• **Supplied data**
○ ○ ○ ○

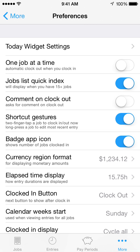Comment on Clock Out will automatically prompt you to add a comment each time you clock out. Your comment will be saved with the time entry.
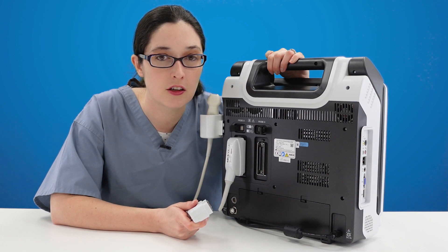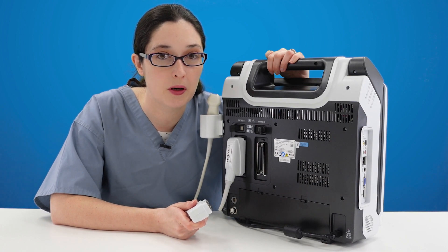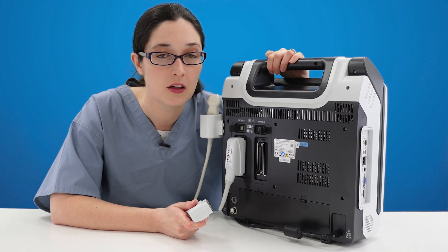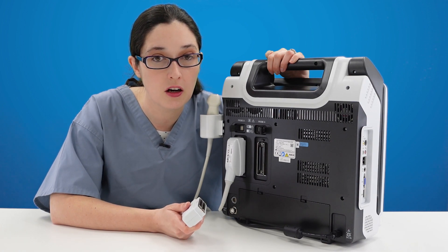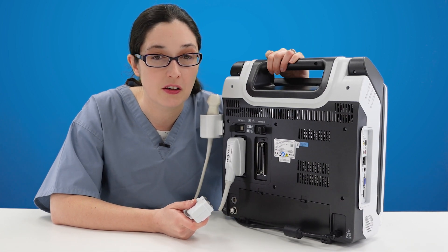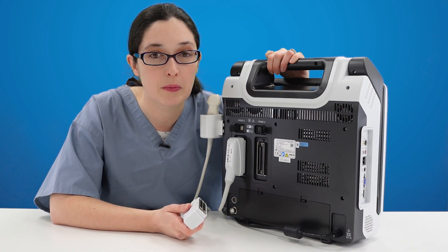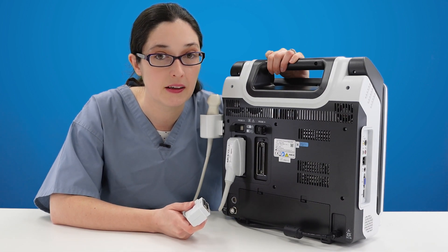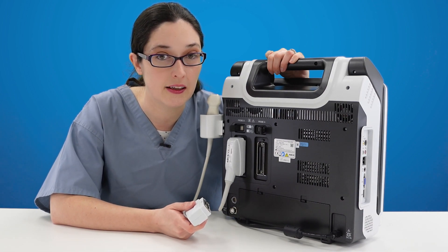The Apogee 2300 has two probe ports so you can have your cardiac and abdominal or your micro convex and linear probes plugged in simultaneously.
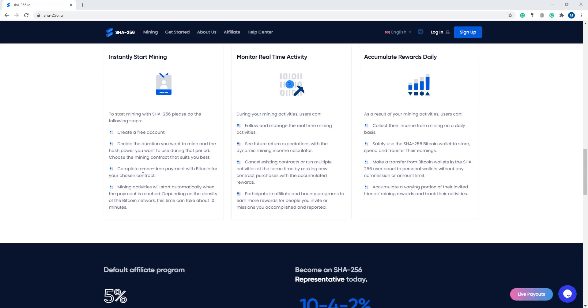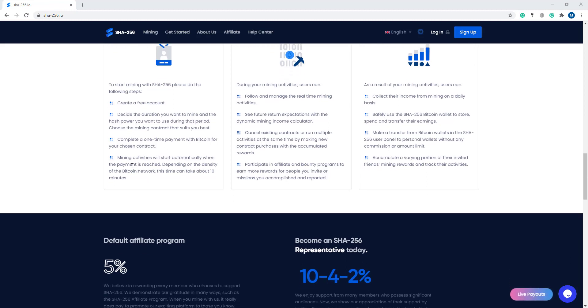Then, complete a one-time payment with Bitcoin for your chosen contract. Mining activities will start automatically when the payment is received depending on the Bitcoin network. This can take about 10 minutes.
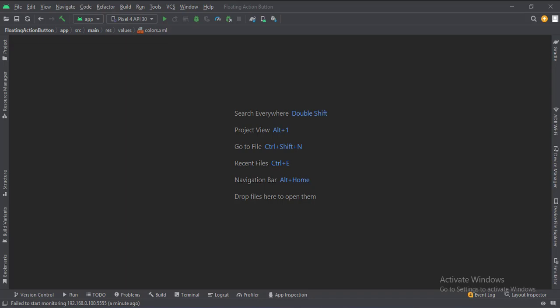Let's start. The project name is a floating action button. Let's see the project structure.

○ ○ ○ ○

• **Work to complete**
Write the material out again exactly. Skip each picture.

• **Response to this exercise**
Comment on Clock Out will automatically prompt you to add a comment each time you clock out. Your comment will be saved with the time entry.
The Apogee 2300 has two probe ports so you can have your cardiac and abdominal or your micro convex and linear probes plugged in simultaneously.
Then, complete a one-time payment with Bitcoin for your chosen contract. Mining activities will start automatically when the payment is received depending on the Bitcoin network. This can take about 10 minutes.
Let's start. The project name is a floating action button. Let's see the project structure.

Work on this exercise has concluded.